Court Opinion

ID: 9445777
Source: CourtListenerOpinion
Date Created: 2023-08-03 21:38:06.650741+00
Date Added: 2024-06-11T17:30:24.469783
License: Public Domain

L. HAND, Circuit Judge
(dissenting).
I do not think that the question is here involved whether it is an unfair labor practice for a union to demand the discharge of an employee because he has defaulted in the payment of his dues although he has redeemed his default before the employer actually discharges him. Arguendo, I will assume, without expressing any opinion, that such a demand is not an unfair labor practice. In the case at bar I also assume that the union demanded Batogowski’s discharge before November 23, 1955, the day when the arbitration award was made and when he redeemed his default. Nevertheless, the union was guilty of a violation of § 8(b) (2) if the strike threat was an attempt' — and, as it proved, a successful attempt — to cause an employer “to discriminate against an employee with respect to whom membership * has been * * * terminated on some ground other than his failure to tender the periodic dues * * * ” That in turn depends upon whether the employer had “reasonable grounds for believing *422that membership was * * * terminated for reasons other than the failure of the employee to tender the periodic dues * * * ” My brothers hold that the evidence requires some finding by the Board whether the demand for Batogowski’s discharge may not in some degree have been a reprisal for his insistence that he had given notice of resignation. To this I agree and I should concur in their opinion — as indeed pro tanto I do — were it not that I think for other reasons that the union’s demand was for a violation by the employer of the second proviso of § 8(a) (3).

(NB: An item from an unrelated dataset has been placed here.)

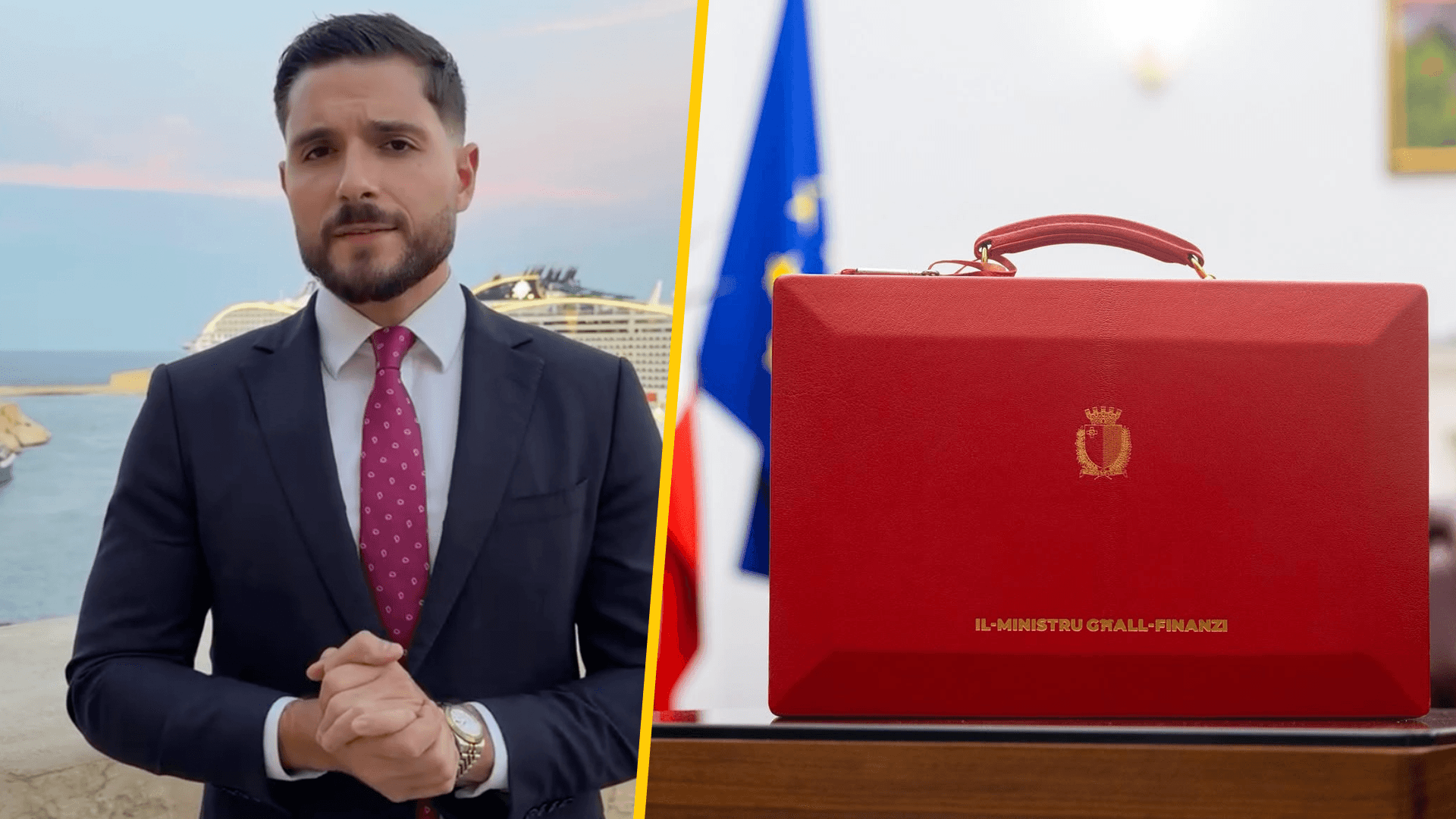 Alex Borg Criticises PM For Passing Population Burdens Onto Public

■ It may be that in fact the union’s only motive for terminating Batogowski’s employment was because of his failure to pay his dues — that, as I have just said, remains an issue to be decided. If the words “terminated for reasons other than” etc. are to be confined to the union’s motives I should agree that that was the only issue. So to confine them does not, however, appear to me necessary, or indeed their right interpretation. No one would argue that, if the employee did not in fact owe the dues, the union’s demand, although made in entire good faith, would require the employer to “discriminate” against him. The dues must be valid claims, and when the proviso declared that the employer should be free to discriminate if he had “reasonable grounds for believing that membership was * * * terminated for reasons other than the failure * * * to tender the periodic dues,” the right interpretation seems to me to be that his grounds for believing that the employee owes the money are among the factors that should determine his belief about the reasons for the termination. In the case at bar there was nothing to cause the employer to suspect that Batogowski had not mailed the notice, or for that matter that mailing alone was not enough. To subject it to a strike because it waited until that issue was determined by an arbitration, to which the union had itself consented, appears to me unduly and most unfairly to circumscribe the latitude that the proviso granted it. For that reason I would affirm the order.